When I was a boy, my parents bought me several history books disguised as large-format children's books with such titles as The Invaders and How They Lived in Cities Long Ago. To confess, they generally went untouched.
However, there was one such book (which I can't find in any of my still-packed boxes) that made an impression. One part of it was about an ancient city by the water whose inhabitants had been eradicated by a tidal wave. As I recall, there was a photograph of the site, now at the top of a cliff with water markings all down its face, and an artist's rendering of the disaster in process.
Tidal waves and tsunamis always held a place in my imagination. I pictured a wall of water hundreds of feet high that didn't actually break until it hit the shoreline and then came crashing down. And I was it is now irksome to admit disappointed years later when I saw video footage in one of those spectacularized documentaries about natural disasters. Looking back, the first word of the term "tidal wave" should have made it clear that at issue was a very rapid and high change in the tide not a breaking, crashing, tubing wave.

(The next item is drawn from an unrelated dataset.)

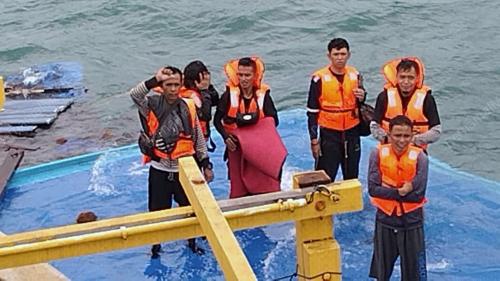 LAKSAMANA PERTAMA MARITIM NURUL HIZAM ZAKARIA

Watching videos of the tsunami in Southeastern Asia, however, makes the category of disaster quite a bit more terrifying than even my false conception. The water is relentless. It just keeps coming, and rising like the water in a sinking ship, only as if the land itself is sinking. There is no stark line against the skyline, sickly thrilling in its way, to watch approach and then pass. Instead there's just the water and the terror of wondering whether it will stop rising before people run out of secure things on which to climb. The step, the desk, the windowsill.
Being near the shoreline becomes no different than being in a raft capsizing in a fast-moving river. Passing objects, rocks, hands come so close that it seems implausible that they cannot be reached. But like the nightmare of a panicked run in place, progress cannot be made.
I've been too long in making the time to write this, but my prayers have already been going out to everybody who lived that nightmare and the thousands of others who survived only to find countless nightmares of differing terror.
Posted by Justin Katz at December 29, 2004 1:17 PMI bet $100 the very first thing Bush did upon hearing of this tragedy was order an intelligence analysis of how it was going to impact oil production in the affected countries. Takers?
Well gee, Steve. I've intended to write another post addressing some implications of the disaster. Sorry not to have done so more quickly; you've given this post such a classy turn...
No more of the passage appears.